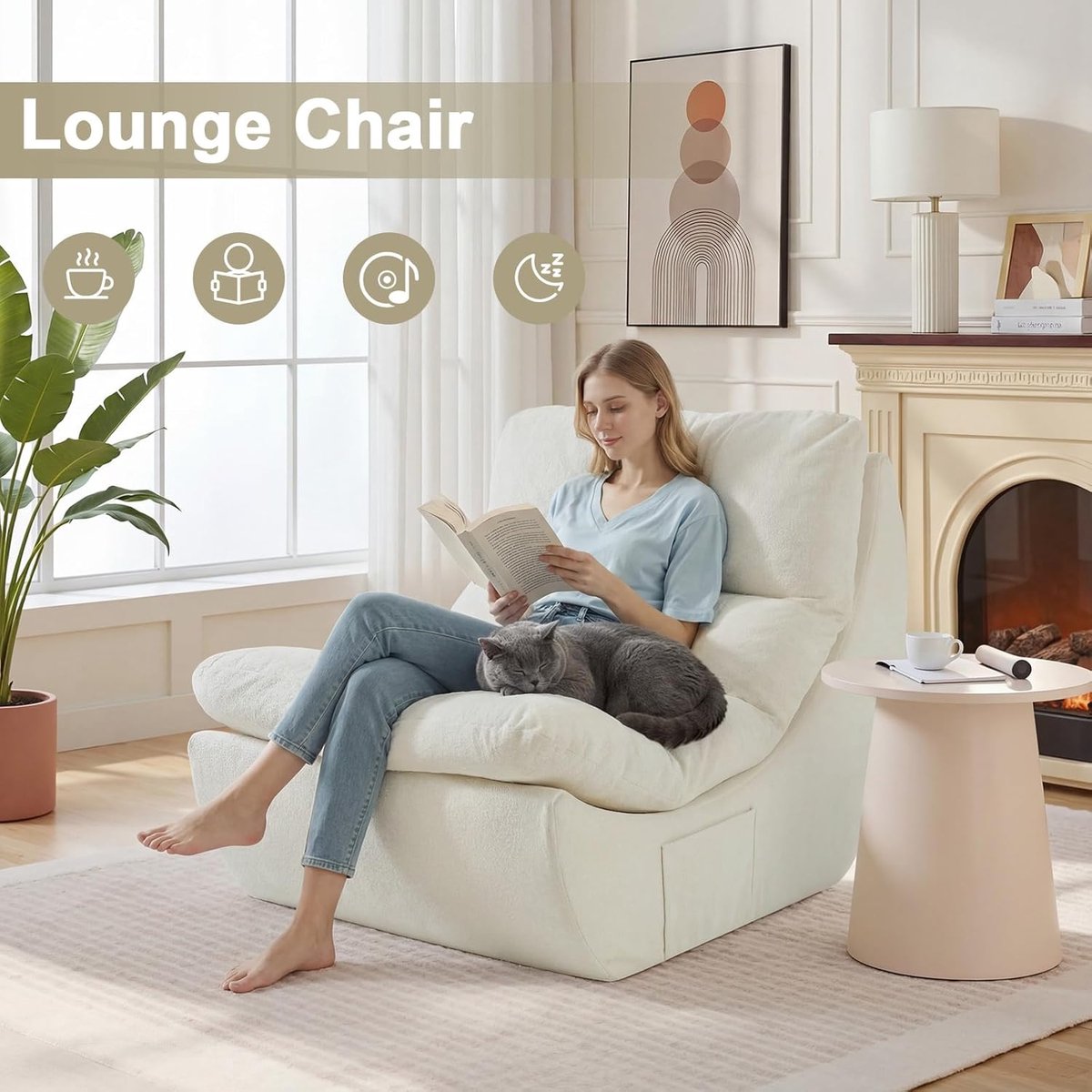 Luxe Frameloze Relaxstoel met Memory Foam en Wasbare Microvezel Hoes – Comfortabele 1-Zits Vloerbank en Leesstoel voor Woonkamer & Slaapkamer – Beige (108 x 80 x 78 cm)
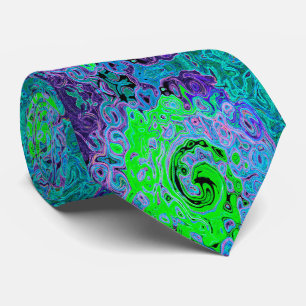 Kalkgrüner Groovy Abstrakt Retro Liquid Swirl Krawatte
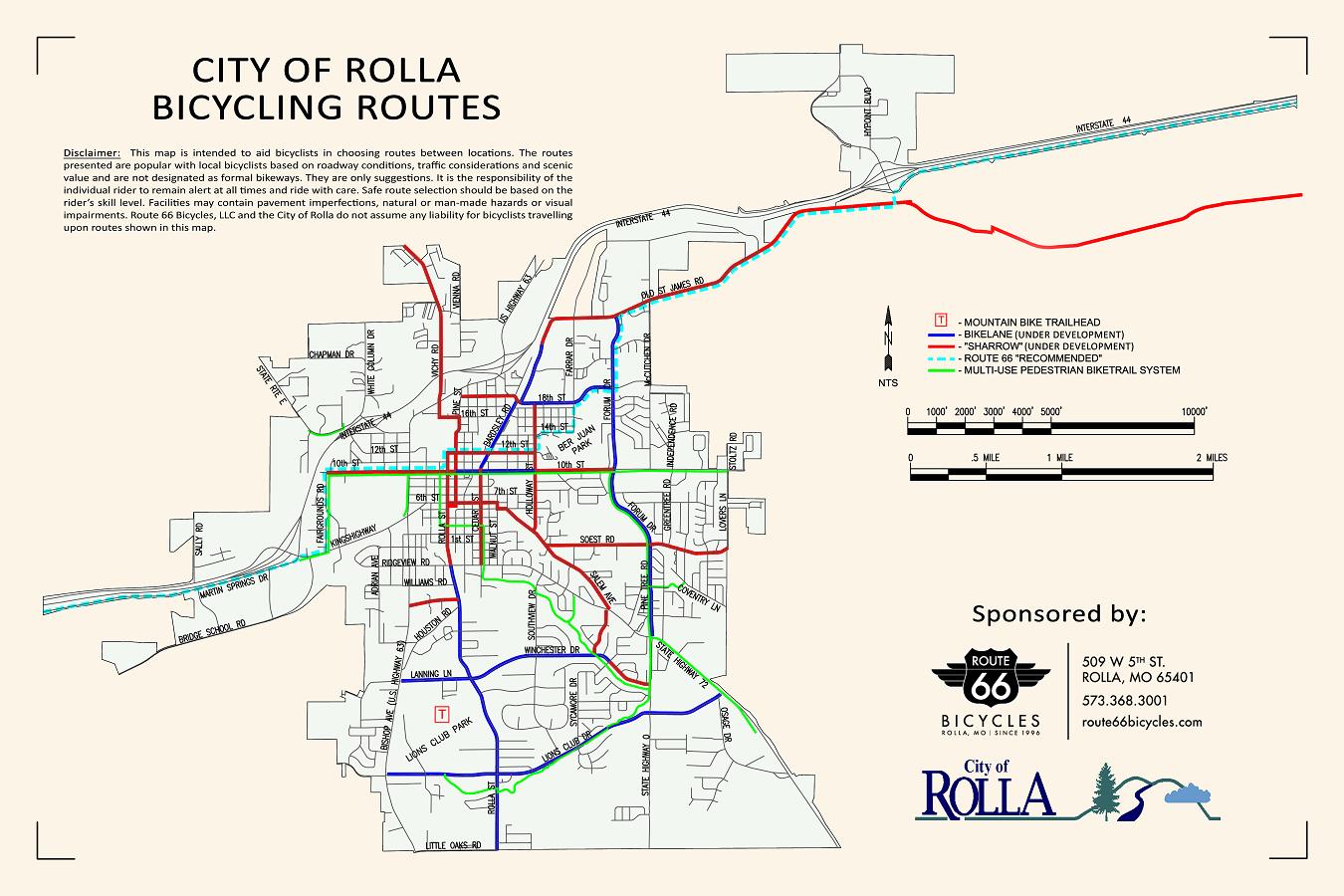 Rolla Mo Zoning Map Phelps County Missouri Bicycling Map - Route 66 Bicycles - Rolla, Mo  (573)368-3001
· · · · · · ·
■ **What this task involves**
Exact copy, pictures removed: set down the whole listing above.

■ **Response**
 Luxe Frameloze Relaxstoel met Memory Foam en Wasbare Microvezel Hoes – Comfortabele 1-Zits Vloerbank en Leesstoel voor Woonkamer & Slaapkamer – Beige (108 x 80 x 78 cm)
 Kalkgrüner Groovy Abstrakt Retro Liquid Swirl Krawatte
 Rolla Mo Zoning Map Phelps County Missouri Bicycling Map - Route 66 Bicycles - Rolla, Mo  (573)368-3001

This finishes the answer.